* _Problem to solve_
Go through the listing below and write out exactly the lines from the one that mentions "دروس أفكر # تجديد الـ ATP خلال التقلص العضلي" through the one that mentions "Tom&Krissi´s Tomatenketchup 270g", minus the pictures.

* _The data_
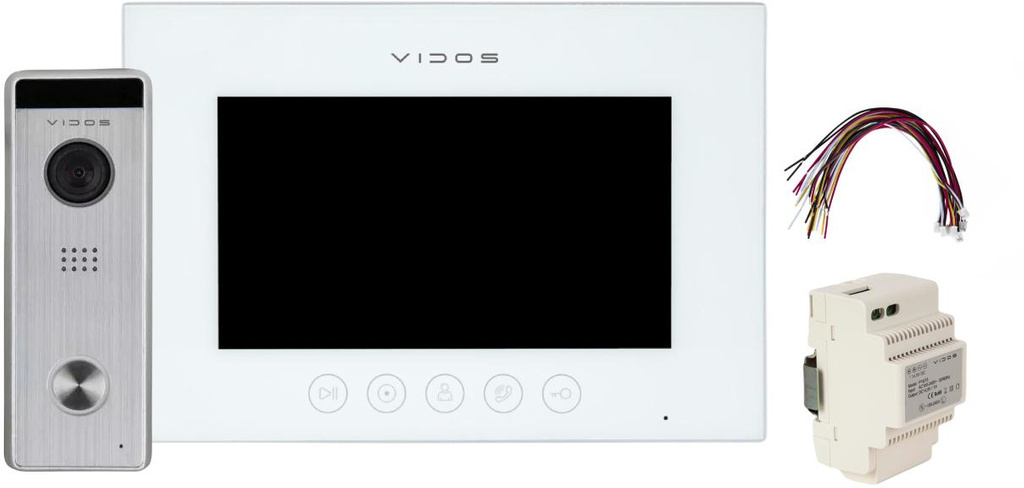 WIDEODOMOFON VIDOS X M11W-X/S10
* * *
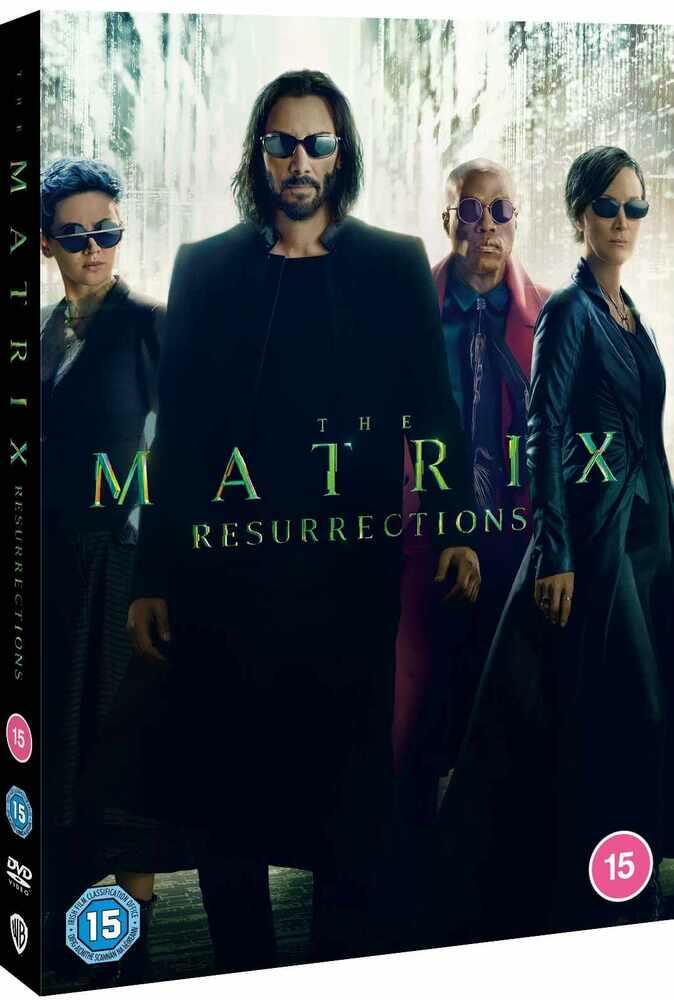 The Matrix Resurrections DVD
==
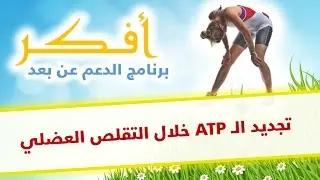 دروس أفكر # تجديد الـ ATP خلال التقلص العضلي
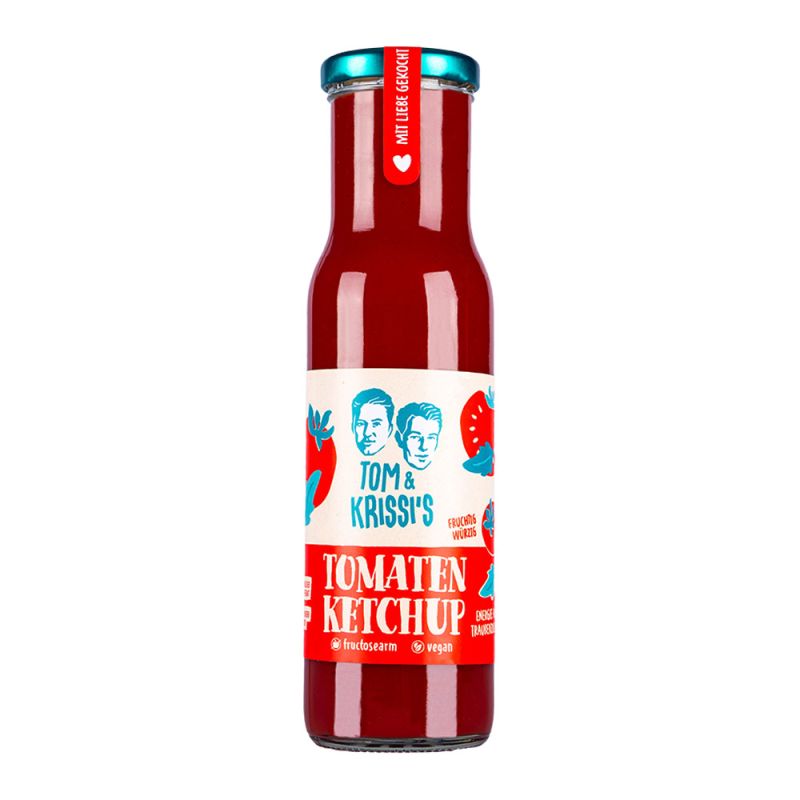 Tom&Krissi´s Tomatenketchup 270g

* _Final answer_
 دروس أفكر # تجديد الـ ATP خلال التقلص العضلي
 Tom&Krissi´s Tomatenketchup 270g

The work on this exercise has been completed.